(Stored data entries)
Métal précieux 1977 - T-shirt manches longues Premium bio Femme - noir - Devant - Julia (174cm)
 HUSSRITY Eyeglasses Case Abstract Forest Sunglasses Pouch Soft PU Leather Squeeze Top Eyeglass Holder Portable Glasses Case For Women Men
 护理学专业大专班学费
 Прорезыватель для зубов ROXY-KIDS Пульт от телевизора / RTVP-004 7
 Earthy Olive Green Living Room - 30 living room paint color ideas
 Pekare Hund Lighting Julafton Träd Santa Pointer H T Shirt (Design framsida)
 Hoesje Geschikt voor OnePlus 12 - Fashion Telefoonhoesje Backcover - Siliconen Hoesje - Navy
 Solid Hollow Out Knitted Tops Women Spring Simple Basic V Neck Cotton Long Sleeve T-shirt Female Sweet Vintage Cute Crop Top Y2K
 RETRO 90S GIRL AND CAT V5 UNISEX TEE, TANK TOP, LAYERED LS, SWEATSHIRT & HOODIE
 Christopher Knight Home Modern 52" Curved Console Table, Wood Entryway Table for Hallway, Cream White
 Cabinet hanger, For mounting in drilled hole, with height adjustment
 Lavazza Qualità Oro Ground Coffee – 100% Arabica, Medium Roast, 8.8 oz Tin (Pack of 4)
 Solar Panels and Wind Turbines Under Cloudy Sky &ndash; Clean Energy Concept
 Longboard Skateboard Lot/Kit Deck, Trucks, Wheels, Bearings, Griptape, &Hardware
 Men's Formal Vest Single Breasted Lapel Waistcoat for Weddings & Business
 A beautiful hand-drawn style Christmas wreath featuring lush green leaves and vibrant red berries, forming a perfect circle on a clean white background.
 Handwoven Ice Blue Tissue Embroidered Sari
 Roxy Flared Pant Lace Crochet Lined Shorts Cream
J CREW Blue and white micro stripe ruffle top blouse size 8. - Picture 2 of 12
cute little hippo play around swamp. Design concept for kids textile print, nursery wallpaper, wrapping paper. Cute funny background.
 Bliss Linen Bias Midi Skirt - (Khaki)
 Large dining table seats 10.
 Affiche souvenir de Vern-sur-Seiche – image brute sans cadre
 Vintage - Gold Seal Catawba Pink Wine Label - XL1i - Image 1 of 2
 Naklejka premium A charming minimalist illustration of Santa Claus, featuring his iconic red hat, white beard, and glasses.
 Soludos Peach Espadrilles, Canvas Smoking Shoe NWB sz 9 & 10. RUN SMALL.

## Activity:
Give back all the data exactly as it was written.

## Output of the exercise:
Métal précieux 1977 - T-shirt manches longues Premium bio Femme - noir - Devant - Julia (174cm)
 HUSSRITY Eyeglasses Case Abstract Forest Sunglasses Pouch Soft PU Leather Squeeze Top Eyeglass Holder Portable Glasses Case For Women Men
 护理学专业大专班学费
 Прорезыватель для зубов ROXY-KIDS Пульт от телевизора / RTVP-004 7
 Earthy Olive Green Living Room - 30 living room paint color ideas
 Pekare Hund Lighting Julafton Träd Santa Pointer H T Shirt (Design framsida)
 Hoesje Geschikt voor OnePlus 12 - Fashion Telefoonhoesje Backcover - Siliconen Hoesje - Navy
 Solid Hollow Out Knitted Tops Women Spring Simple Basic V Neck Cotton Long Sleeve T-shirt Female Sweet Vintage Cute Crop Top Y2K
 RETRO 90S GIRL AND CAT V5 UNISEX TEE, TANK TOP, LAYERED LS, SWEATSHIRT & HOODIE
 Christopher Knight Home Modern 52" Curved Console Table, Wood Entryway Table for Hallway, Cream White
 Cabinet hanger, For mounting in drilled hole, with height adjustment
 Lavazza Qualità Oro Ground Coffee – 100% Arabica, Medium Roast, 8.8 oz Tin (Pack of 4)
 Solar Panels and Wind Turbines Under Cloudy Sky &ndash; Clean Energy Concept
 Longboard Skateboard Lot/Kit Deck, Trucks, Wheels, Bearings, Griptape, &Hardware
 Men's Formal Vest Single Breasted Lapel Waistcoat for Weddings & Business
 A beautiful hand-drawn style Christmas wreath featuring lush green leaves and vibrant red berries, forming a perfect circle on a clean white background.
 Handwoven Ice Blue Tissue Embroidered Sari
 Roxy Flared Pant Lace Crochet Lined Shorts Cream
J CREW Blue and white micro stripe ruffle top blouse size 8. - Picture 2 of 12
cute little hippo play around swamp. Design concept for kids textile print, nursery wallpaper, wrapping paper. Cute funny background.
 Bliss Linen Bias Midi Skirt - (Khaki)
 Large dining table seats 10.
 Affiche souvenir de Vern-sur-Seiche – image brute sans cadre
 Vintage - Gold Seal Catawba Pink Wine Label - XL1i - Image 1 of 2
 Naklejka premium A charming minimalist illustration of Santa Claus, featuring his iconic red hat, white beard, and glasses.
 Soludos Peach Espadrilles, Canvas Smoking Shoe NWB sz 9 & 10. RUN SMALL.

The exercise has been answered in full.